Supervision of institutions for occupational retirement provision (IORPs) is mainly the responsibility of the FIN-FSA’s Employee Pensions Institutions division. The division has a total of nearly 200 supervised entities. The FIN-FSA also applies a risk-based approach to the allocation of supervision resources. In practice, this means that the size and operational risk level of the supervised entity are taken into consideration when deciding on supervision. Both quantitative indicators and qualitative assessments, for example of governance, including outsourcing, are taken into account when assessing the level of operational risk. The FIN-FSA regularly conducts stress tests in which it assesses the effects of changes in the investment environment on the financial situation of pension institutions. In the case of IORPs, stress tests are conducted at least once a year.

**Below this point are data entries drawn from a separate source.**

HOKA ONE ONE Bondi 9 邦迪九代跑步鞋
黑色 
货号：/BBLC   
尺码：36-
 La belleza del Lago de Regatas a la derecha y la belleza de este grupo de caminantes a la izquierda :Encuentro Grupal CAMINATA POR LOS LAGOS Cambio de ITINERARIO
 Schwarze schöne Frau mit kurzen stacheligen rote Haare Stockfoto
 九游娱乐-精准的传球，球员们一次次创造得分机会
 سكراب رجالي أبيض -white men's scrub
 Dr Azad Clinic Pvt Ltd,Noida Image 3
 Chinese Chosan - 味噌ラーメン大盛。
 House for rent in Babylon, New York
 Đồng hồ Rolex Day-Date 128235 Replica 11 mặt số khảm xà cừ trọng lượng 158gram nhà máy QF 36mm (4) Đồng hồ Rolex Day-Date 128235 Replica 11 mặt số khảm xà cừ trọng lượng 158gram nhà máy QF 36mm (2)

The FIN-FSA maintains contact with supervised entities, monitors reporting and otherwise targets supervision in accordance with risk-based principles. If information received about a supervised entity’s activities gives rise to questions, they are investigated. If shortcomings are significant, they are subjected to inspection. An inspection may also be based on something other than an observed shortcoming. The supervised entity is given written feedback on the outcome of the inspection.
Significant irregularities might lead to sanctions. Statutory sanctions are, as a rule, only imposed in connection with more serious offences. The FIN-FSA may also use other means of supervision to remedy observed shortcomings. The measures used must always be proportionate to the pursued objective. An inspection is the normal prerequisite for the initiation of a sanctioning process (with the exception of administrative fines for delays in reporting). With regard to sanctioning, the Director General’s Staff of the FIN-FSA plays a key role, in addition to the supervisory department. The motive for an inspection, however, is to clarify the issue in question and is not in itself aimed at sanctioning.